Is this real life practice? Or am I testing it incorrectly? I tested with PHP 5.3.17 on IIS 7. Using Internet Explorer, Firefox and Chrome. Then I compared what is in $_SERVER['QUERY_STRING'] and $_GET.


Another question is real life support for semicolon separation.

HTML 4.01 specification (B.2.2 Ampersands in URI attribute values) recommends HTTP servers to accept semicolon (;) as parameter separator (opposed to ampersand &).

Is any server supporting it? Is anyone using this? Is it worth to bother with that (when considering allowed formats of query string for a web service)?

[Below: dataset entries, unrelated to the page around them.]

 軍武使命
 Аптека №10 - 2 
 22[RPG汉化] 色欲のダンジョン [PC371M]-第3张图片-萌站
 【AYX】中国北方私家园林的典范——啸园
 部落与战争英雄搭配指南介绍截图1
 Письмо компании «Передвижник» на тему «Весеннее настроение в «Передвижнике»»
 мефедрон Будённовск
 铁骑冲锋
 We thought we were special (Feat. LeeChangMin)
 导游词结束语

Then how about non-ASCII characters support?

HTML 4.01 specification (B.2.1 Non-ASCII characters in URI attribute values) restates clearly what URI describing RFCs stated in the first place: non-ASCII characters are not allowed in URI. Yet specification takes into account existing practice (of use of illegal URIs) and advices to change such characters into UTF-8 encoding and then treat each byte with URI-standard hex encoding.

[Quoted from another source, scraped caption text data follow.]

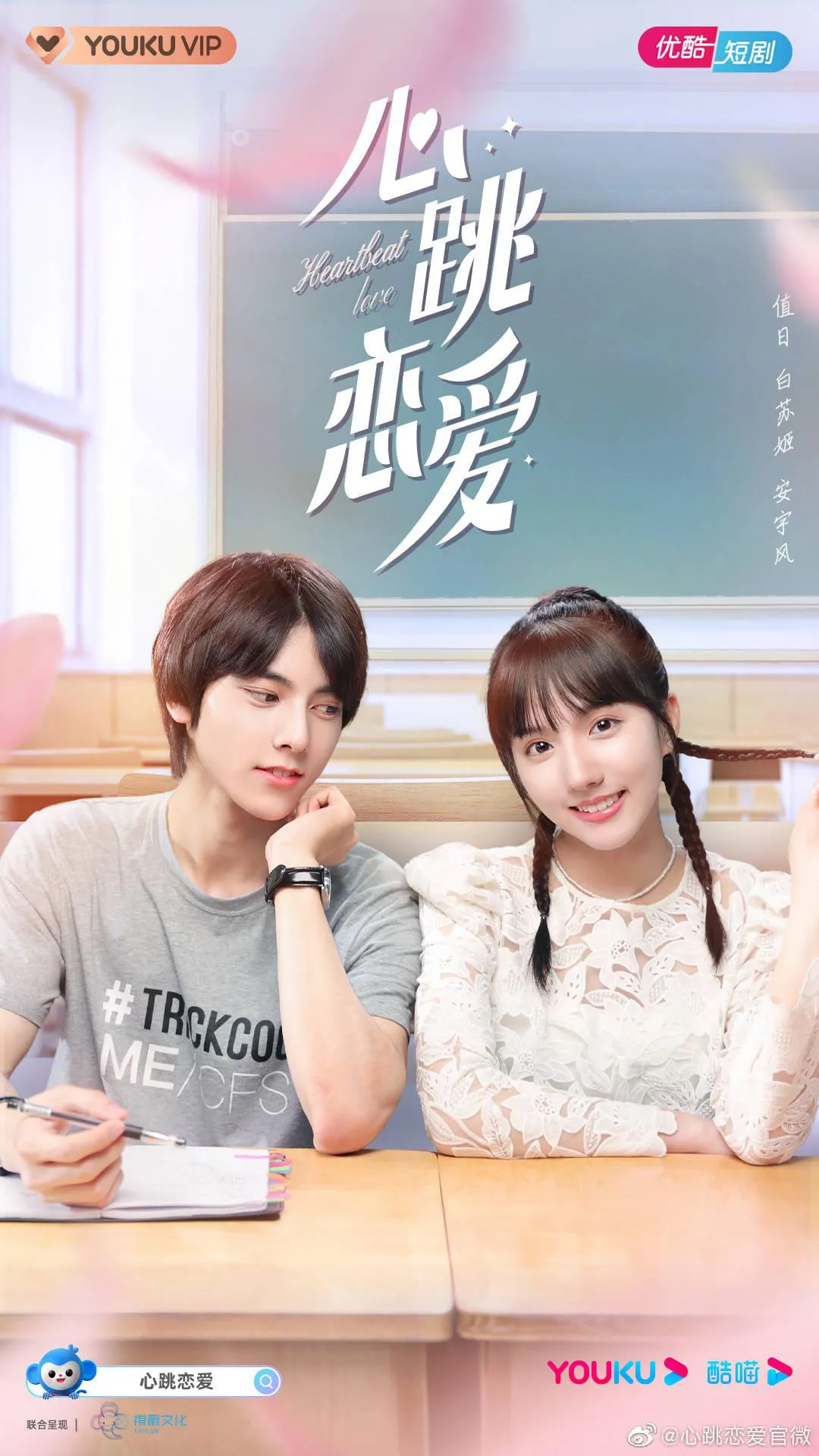 海贼王|给我8分钟，让你看看玛丽苏女主如何下岗再就业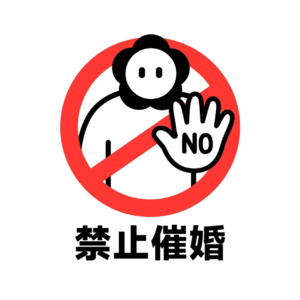 Vol.5 过年啦！和未婚高智时髦“小姨”聊聊婚恋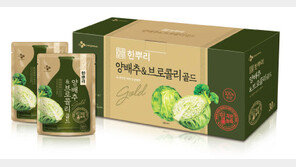 쓰리고 불편한 속… 양배추로 편안하게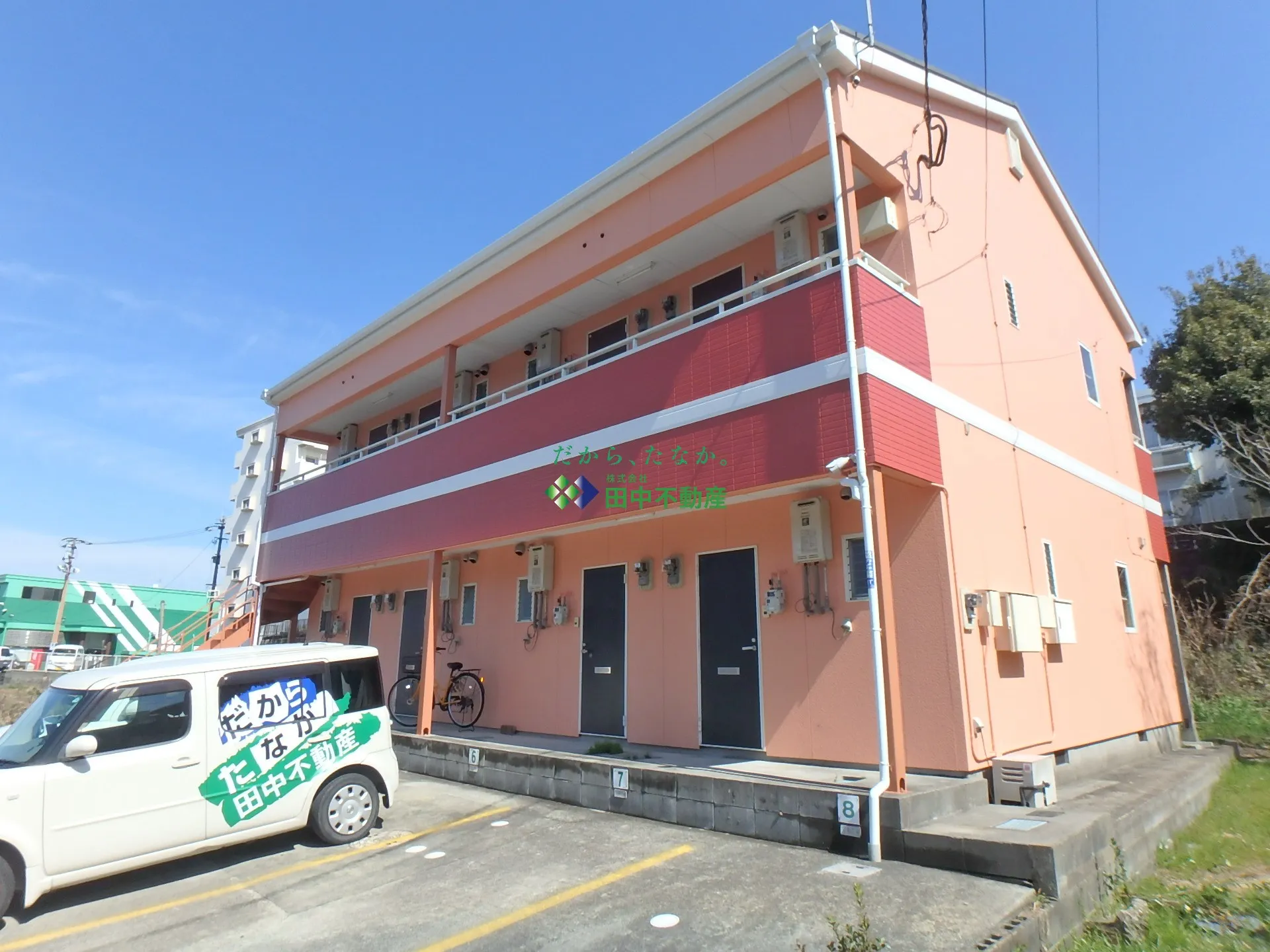 アビーロード広川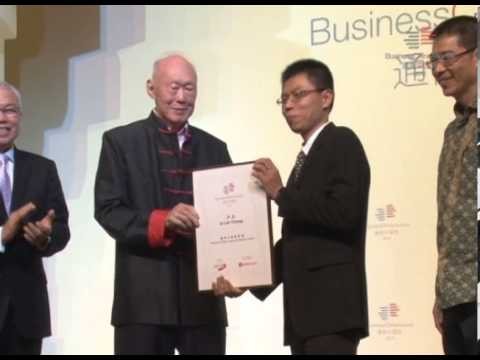 2012å¹´é€šå•†ä¸­å›½å¥–  Business China Awards 2012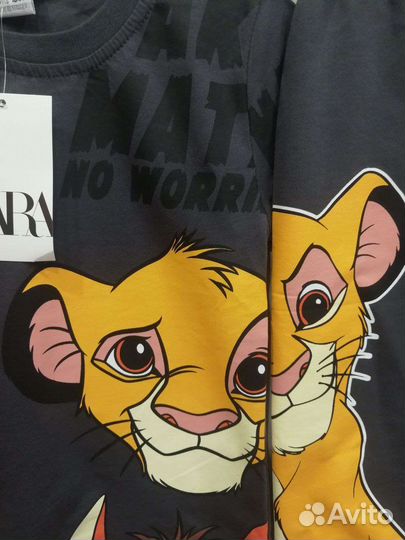 Костюм для мальчика 92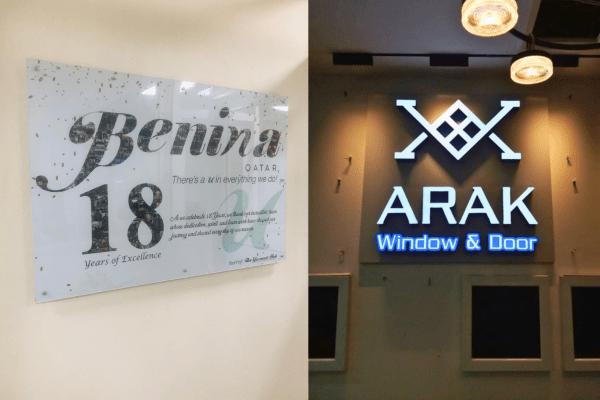 Office Signage in Qatar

From my tests is seems that for example Chrome and Firefox do so. But Internet Explorer did not and just sent those characters like they were. PHP partially coped with that. $_SERVER['QUERY_STRING'] and $_GET contained those characters. But $_SERVER['REQUEST_URI'] contained ? instead.

Are there any standards or practices how to approach such cases?

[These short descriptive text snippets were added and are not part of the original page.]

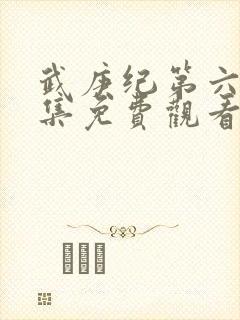 武庚纪第六季全集免费观看最新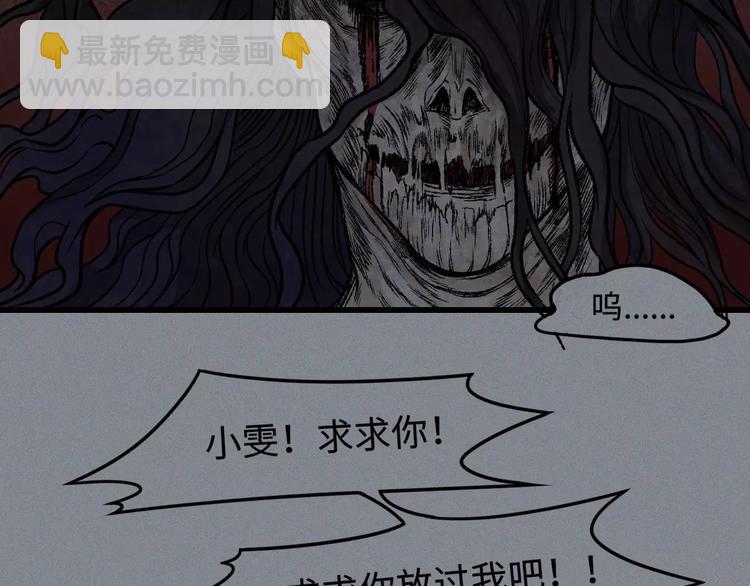 第11话 古宅篇：龙啸谜云41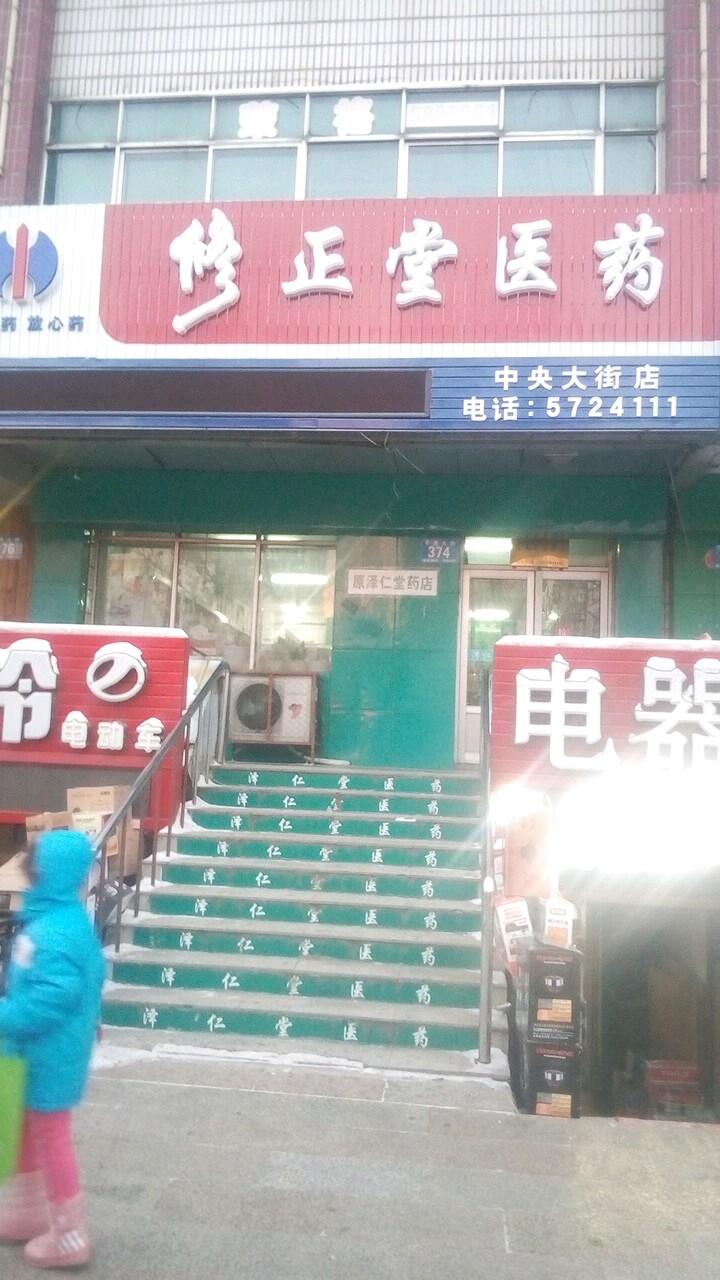 修正堂医药(中央大街店)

And another connected question is how then should authors publish (by URI) resources with names containing non-ASCII (for example national) characters? Considering all the various parties (HTML code, browser sending request, browser saving file do disk, server receiving and processing request and server storing the file) it seems nearly impossible to have it working consistently. Or at least I never managed.

When it comes to web pages I’m already used to that and always replace national characters with corresponding Latin base characters. But when it comes to external files (PDFs, images, …) it somehow “feels wrong” to “downgrade” the names. Especially if one expects users to save those files on disk.. How to deal with this issue?

回答1:

Have you checked HTTP specyfication (RFC2616)?

Take a look at those parts:

  • http://www.w3.org/Protocols/rfc2616/rfc2616-sec5.html#sec5.1.2
  • http://www.w3.org/Protocols/rfc2616/rfc2616-sec3.html#sec3.2

The practical advice would be to use Base64 to encode the fields that you expect to contain risky characters and later on decode them on your backend.

Btw. Your question is really long. It decreases the chance that someone will dig into it.



回答2:

In fact RFC 3986 (Uniform Resource Identifier (URI): Generic Syntax) doesn’t say anything about format of the query string fragment

Yes, it does, in Section 3.4:

query       = *( pchar / "/" / "?" )

pchar is defined in Section 3.3:

pchar         = unreserved / pct-encoded / sub-delims / ":" / "@"

and ends on defining which characters are allowed and how to encode other characters.

Exactly. That is defining the format of the query string fragment.

But from RFC 3986 it seems that neither [ nor ] are allowed in query string.

Officially, yes. But not all browsers do it, and that is broken behavior on their part. All official specs I have seen (and 3986 is not the only one in play) say those characters must be percent-encoded.

Then how about non-ASCII characters support?

Non-ASCII characters are not allowed in URIs. They must be charset-encoded and percent-encoded. The actual charset used is server-specific, there is no spec that allows a URI to specify the charset used. Various specs recommend UTF-8, but do not require UTF-8, and some foreign servers indeed do not use UTF-8.

The IRI spec (RFC 3987), which replaces the URL/URI specs, supports the full Unicode charset, but IRIs are still relatively new and many servers do not support them yet. However, The RFC does define algorithms for converting IRIs to URIs and vice versa.

When in doubt, percent-encode everything you are not sure about. Servers are required to support an decode them when present, before then processing the decoded data as needed.